** Opening Data extract block **
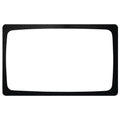 HUBERT® Food Display Tile for Cold Foods, Full Sizeize Black Melamine - 21" L x 12 3/4" W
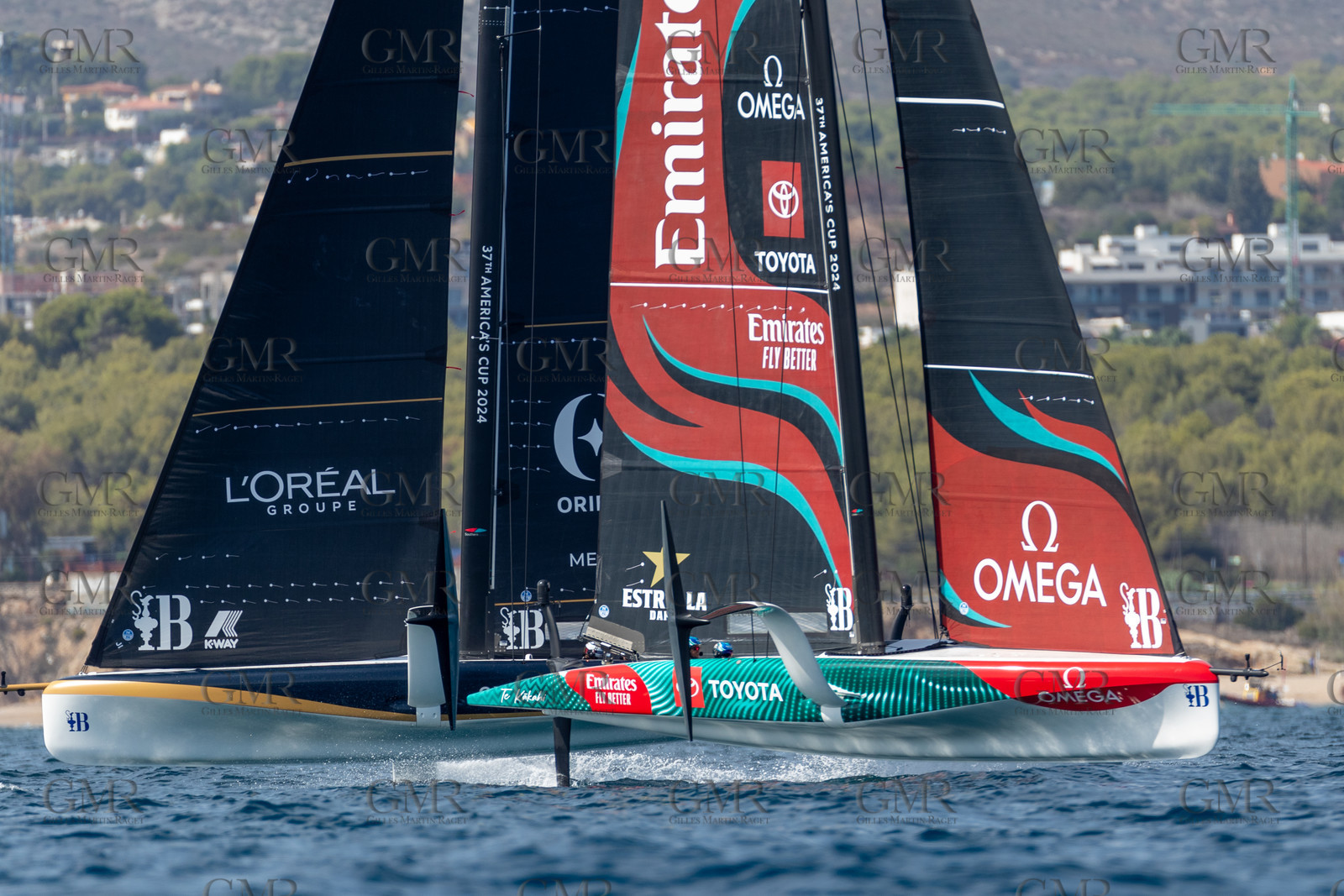 16 09 2023, Vilanova i La Geltru (ESP), 37th America's Cup, 1st Preliminary Regatta, Race Day 2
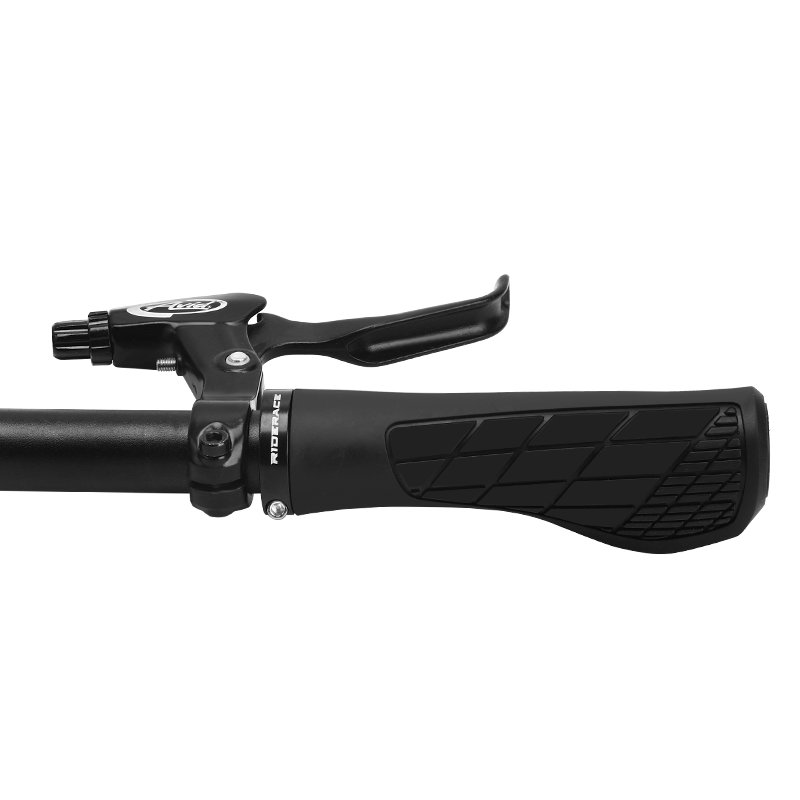 RIDERACE Grips Soft Rubber For MTB Mountain Bike Shockproof Anti-Slip Handlebar Cover Lock On Ergonomic Cycling Handle Bar Parts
** Closing Data extract block **
» Problem to solve
All of the lines above must be printed again exactly, and no picture may appear in the copy.

» Written answer
 HUBERT® Food Display Tile for Cold Foods, Full Sizeize Black Melamine - 21" L x 12 3/4" W
 16 09 2023, Vilanova i La Geltru (ESP), 37th America's Cup, 1st Preliminary Regatta, Race Day 2
 RIDERACE Grips Soft Rubber For MTB Mountain Bike Shockproof Anti-Slip Handlebar Cover Lock On Ergonomic Cycling Handle Bar Parts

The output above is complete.